La voce è il nostro principale strumento di lavoro e un suo impiego scorretto ci mette in condizione di consumarla molto prima del periodo di tempo in cui è business critical averla funzionante. Io non pretendo tanto, diciamo che mi piacerebbe tirare almeno fino a Natale per poi avere quella quindicina di giorni per mettere a riposo l’apparato fonatorio. Invece va a finire sempre così. A ottobre non sai come vestirti, le finestre aperte dell’aula danno il colpo di grazia specie quando rientri sudato dopo l’intervallo lungo trascorso sotto il sole, e via con i primi starnuti.

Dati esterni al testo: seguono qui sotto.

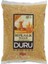 Bulgur İri 2,5kg 1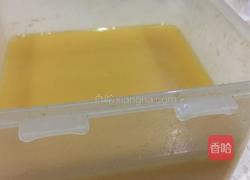 猪皮冻的做法图解5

Da questo punto di vista, noi insegnanti siamo come gli attori. Anche la gestualità è importante e aiuta a potenziare il significato della parola. Quando osservo i divulgatori alla tele cerco di lasciarmi trasmettere il modo in cui tengono le mani e accompagnano con i loro movimenti le cose che dicono. C’è una consonanza – a volte sin troppo impostata – e si vede che è frutto di un genere di studi la cui matrice può essere ricondotta a quella stessa tradizione teatrale italiana che fa sì che i nostri attori siano dei cani, la nostra fiction una merda e i dialoghi una sequenza di banalità difficili da cogliere, peraltro, complice quell’inqualificabile stile di dizione inutilmente sospirata e dialettale che si tramanda di generazione in generazione.

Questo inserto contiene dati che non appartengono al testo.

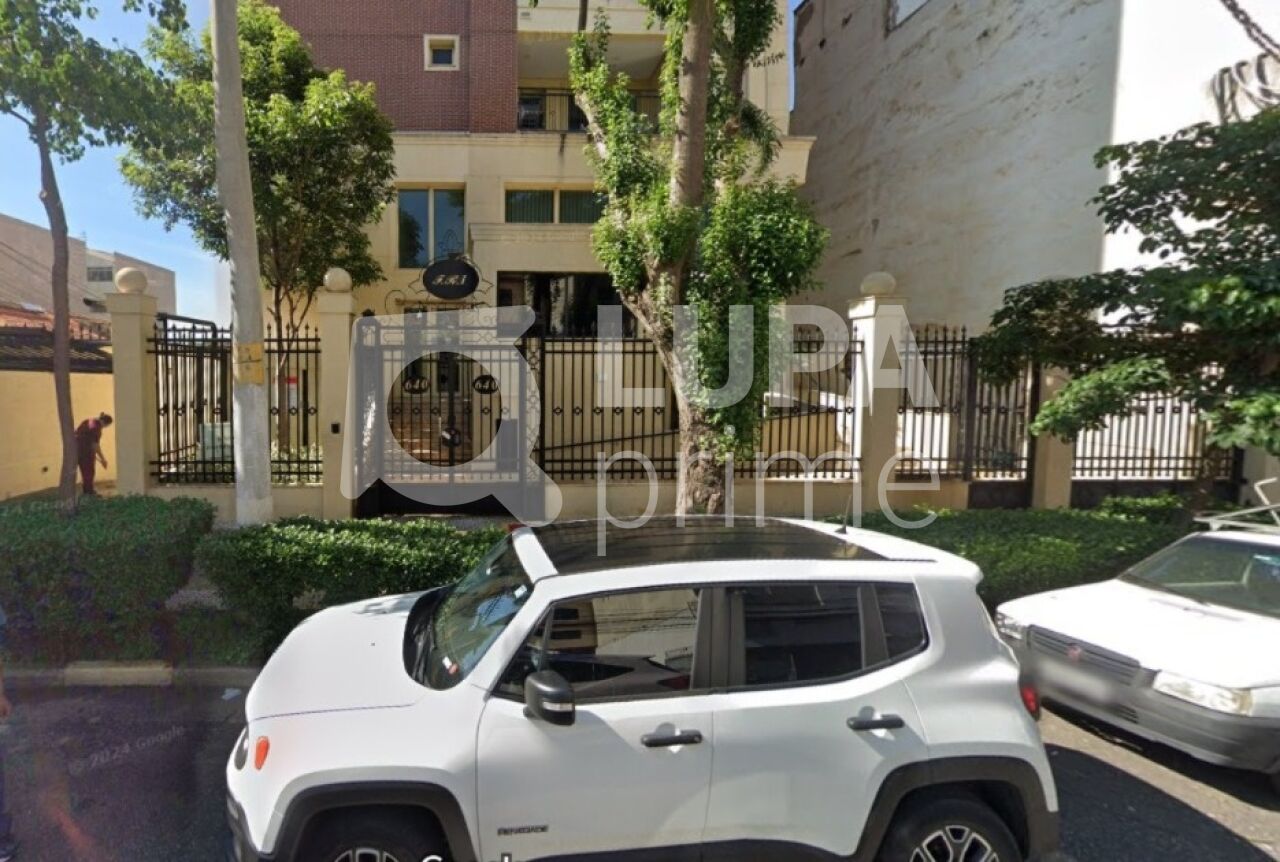 apartamento-venda-sao-paulo-santana-1dormitorio-1vaga-44m2-LM27515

Per fortuna, quando sono in classe e Carmen mi interrompe in continuazione perché le sanguina un dentino, difficilmente riesco a concentrarmi sulla performance, così nel bene e nel male torno a essere me stesso, un ciarlatano prestato alla didattica. Qualcuno mi ha suggerito di riprendermi con una telecamera, mentre spiego, ma non ha mai visto come è fatta una classe. I guru della comunicazione dicono addirittura di non farsi vedere troppo dinoccolati perché si trasmette insicurezza di sé. Se è così, ho capito perché appena mi giro verso la LIM scoppia il finimondo. Torno a voltarmi verso di loro, alzo i toni per ricatturare l’attenzione ed è a quel punto che la mia ugola si ribella. Sento pizzicare dentro al collo e capisco che, anche per quest’anno, ottobre mi vedrà baritono.